La forme de l’eau : la belle et la bête aquatique
Les films de Guillermo de Toro ne manquent jamais de poésie, que ce soit au niveau des images ou du récit. La plus récente oeuvre du réalisateur mexicain, La forme de l’eau, n’est peutêtre pas sa création la plus divertissante, mais c’est certainement la
Depuis sa première lors du 74e Festival international du film de Venise - où il a remporté le Lion d’Or -, La forme de l’eau ne cesse d’accumuler les honneurs et les distinctions.
En plus de faire partie de la liste des 10 meilleurs films de 2017 des principaux médias de la planète, l’oeuvre fantastique tournée en Ontario a remporté deux Golden Globe en plus d’être en nomination pour 13 Oscars - un sommet cette année et le deuxième plus haut total de l’histoire (voir tableau).
C’est donc avec le sentiment de voir un classique instantané que j’ai visionné La forme de
l’eau. Et, comme c’est souvent le cas avec les films portés aux nues par la critique, je suis un peu resté sur mon appétit.
Oui, la cinématographie est sublime et les comédiens sont brillants - surtout Sally Hawkins, dans le rôle principal -, mais le scénario manque la petite étincelle qui en ferait un chef-d’oeuvre.
COMPASSION ET AMOUR
Elisa Esposito (Hawkins) est muette depuis sa naissance. Timide, solitaire, introvertie, la jeune femme est solidement attachée à sa routine.
Elisa travaille sur le quart de nuit dans l’équipe de nettoyage d’un centre de recherches océanographiques de Baltimore.
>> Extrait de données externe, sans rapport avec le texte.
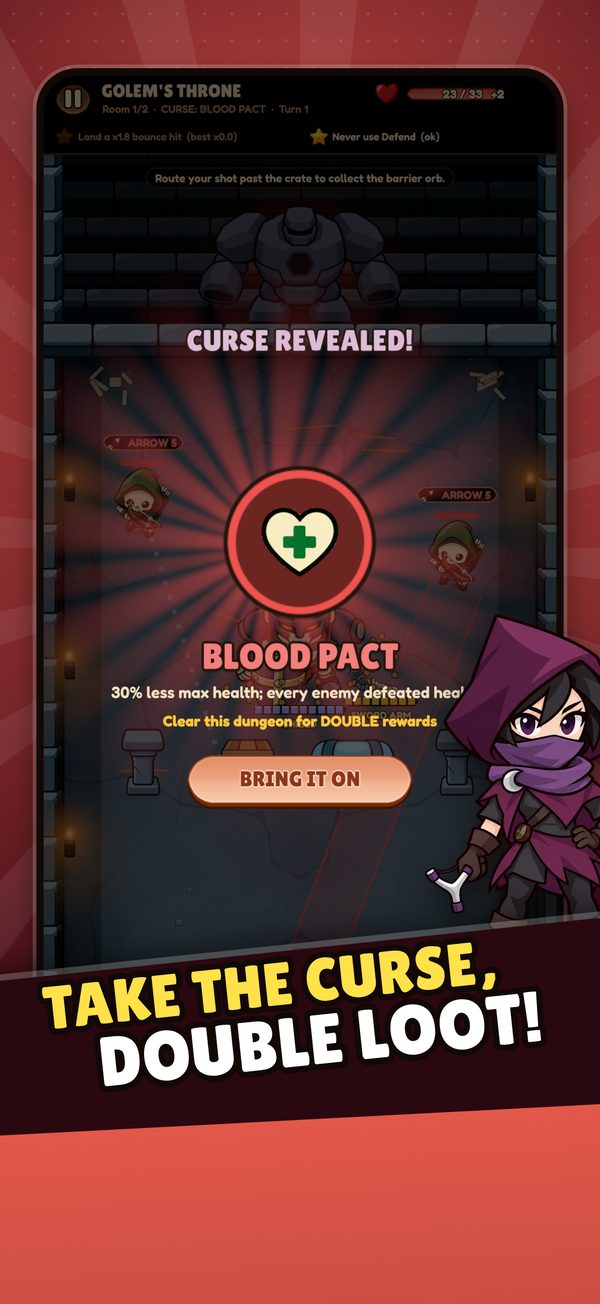 Take the curse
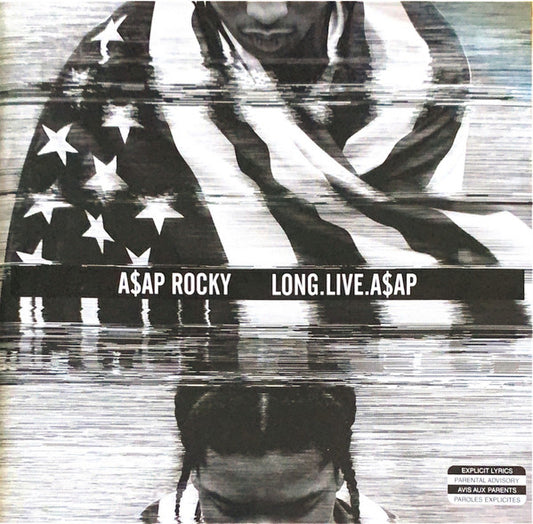 A$AP ROCKY - LONG.LIVE.A$AP - 2013 - USED CD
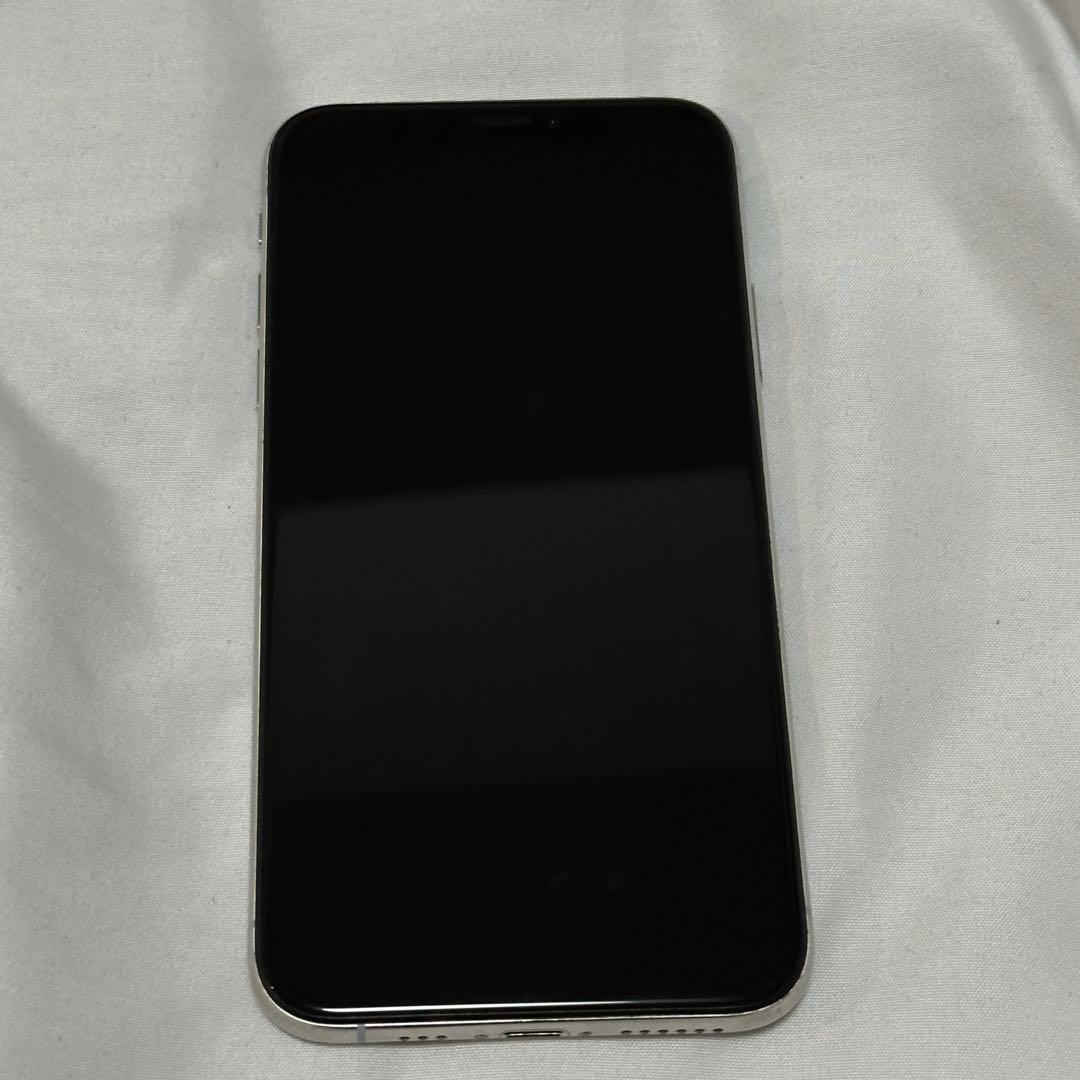 iPhone XS 512GB シルバー au版SIMロック解除済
Un jour, elle assiste à l’arrivée au centre d’une créature amphibie agressive capturée en Amazonie. Un être qui a la forme d’un humain, mais l’apparence d’une grenouille.
À l’insu de tous, Elisa parviendra tranquillement à entrer en relation avec l’animal, à l’apprivoiser et à l’apprécier.
Alors que les scientifiques souhaitent étudier la créature vivante, les militaires - l’haineux Strickland (Micheal Shannon) en tête prônent plutôt pour une autopsie afin d’en extirper rapidement les secrets.
Comprenant que la vie de la bête est en danger, Elisa tentera de l’aider à s’évader.
Mais que peut une jeune femme apparemment sans ressources contre la sécurité bien rodée d’un laboratoire militaire et la hargne d’un soldat qui ne connaît pas le mot «échec»?
HAWKINS ÉBLOUISSANTE
Méconnue du grand public, Sally Hawkins est pourtant une comédienne accomplie, ses rôles dans Happy-Go-Lucky (2008) et Blue
Jasmine (2013) suffisant à le prouver. Dans La forme de l’eau, la Britannique âgée de 41 ans repousse les frontières de son art et de son talent en nous offrant une performance absolument éblouissante.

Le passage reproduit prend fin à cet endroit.